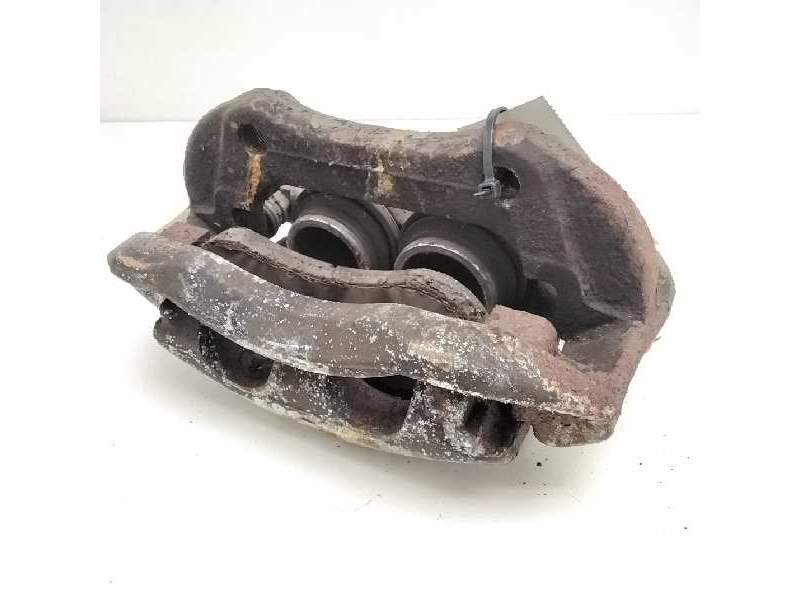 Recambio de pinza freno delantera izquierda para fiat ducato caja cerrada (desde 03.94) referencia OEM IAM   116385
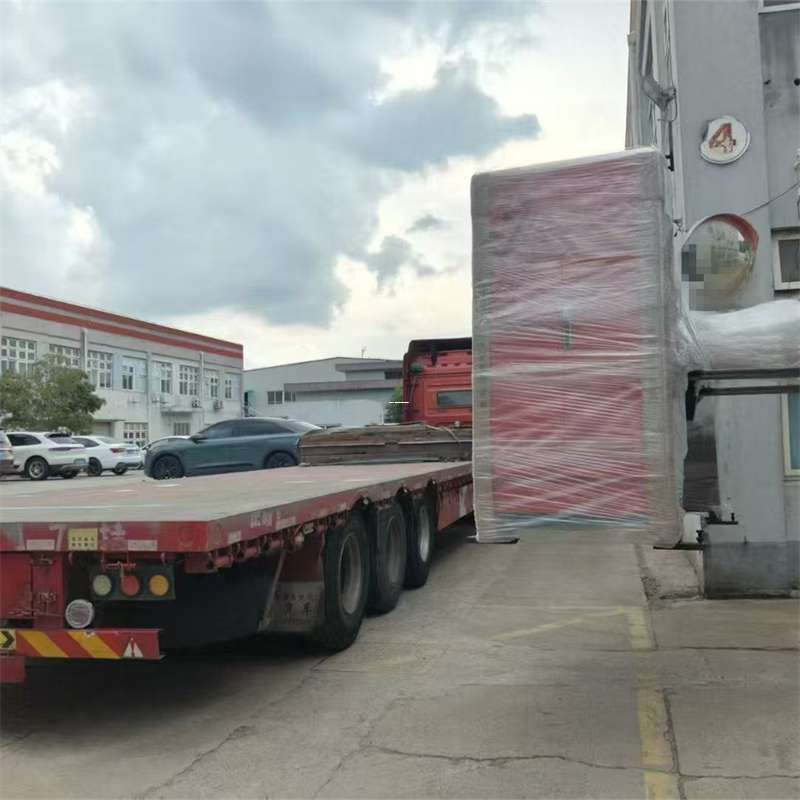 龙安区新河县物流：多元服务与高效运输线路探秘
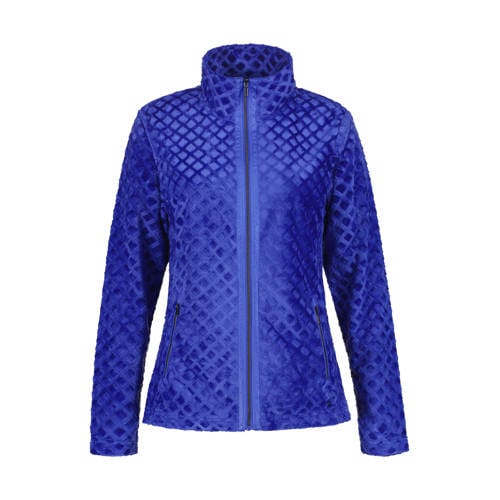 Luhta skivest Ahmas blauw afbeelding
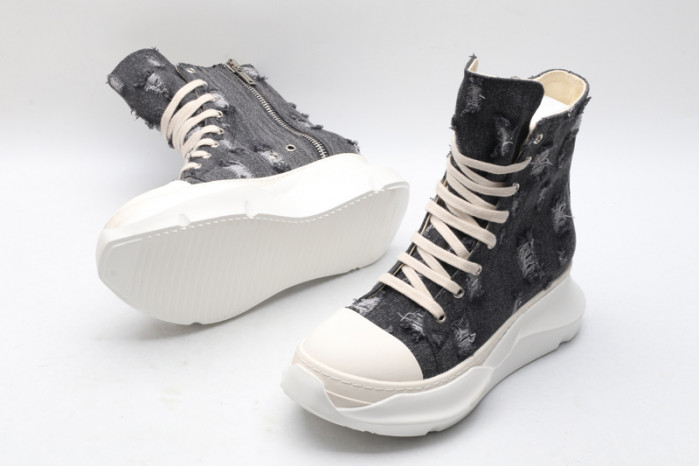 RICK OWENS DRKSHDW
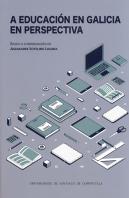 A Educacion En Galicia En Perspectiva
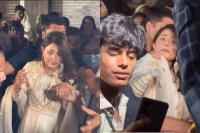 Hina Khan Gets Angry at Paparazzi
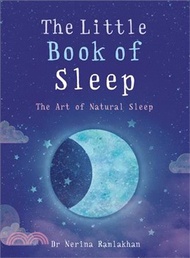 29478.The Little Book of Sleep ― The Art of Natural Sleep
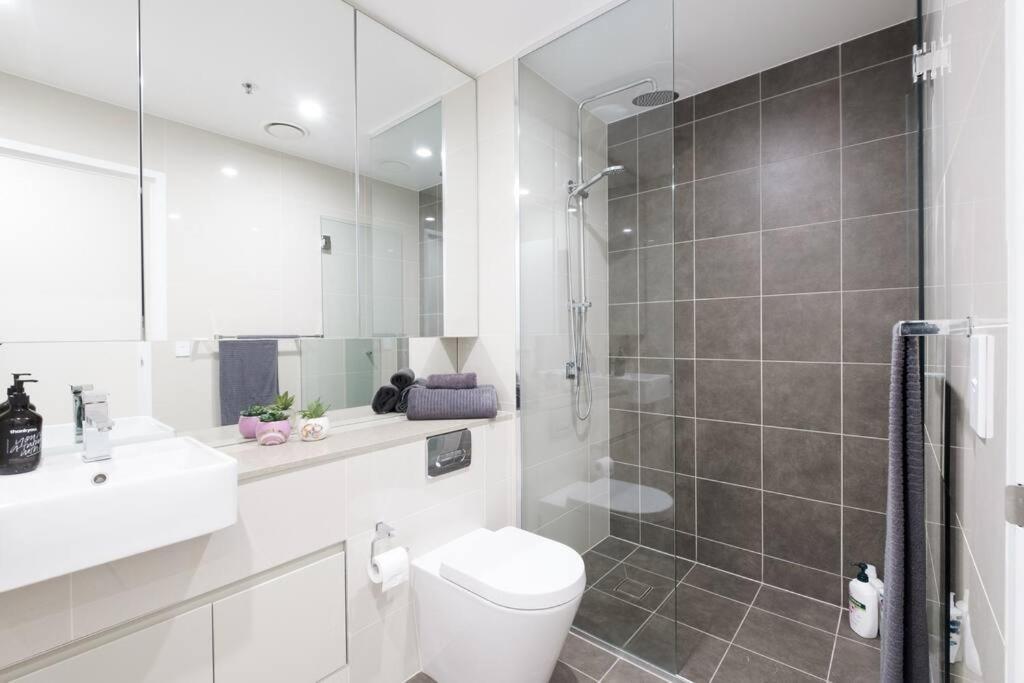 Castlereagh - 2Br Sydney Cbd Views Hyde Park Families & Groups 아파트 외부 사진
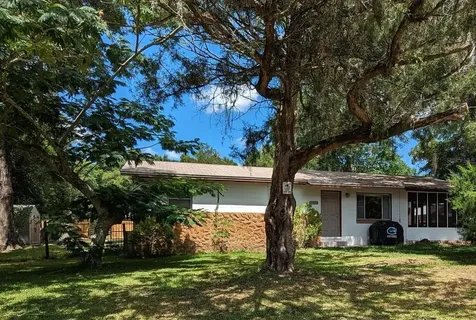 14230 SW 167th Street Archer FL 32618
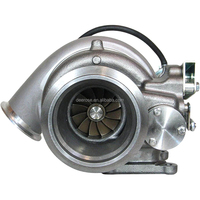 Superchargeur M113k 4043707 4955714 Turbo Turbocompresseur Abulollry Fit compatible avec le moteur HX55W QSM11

• • • •

▶ Your goal
Return, exactly as they appear, the lines from the line containing "29478.The Little Book" through the end of the records above, both ends included, without pictures.

▶ Solution for this problem
 29478.The Little Book of Sleep ― The Art of Natural Sleep
 Castlereagh - 2Br Sydney Cbd Views Hyde Park Families & Groups 아파트 외부 사진
 14230 SW 167th Street Archer FL 32618
 Superchargeur M113k 4043707 4955714 Turbo Turbocompresseur Abulollry Fit compatible avec le moteur HX55W QSM11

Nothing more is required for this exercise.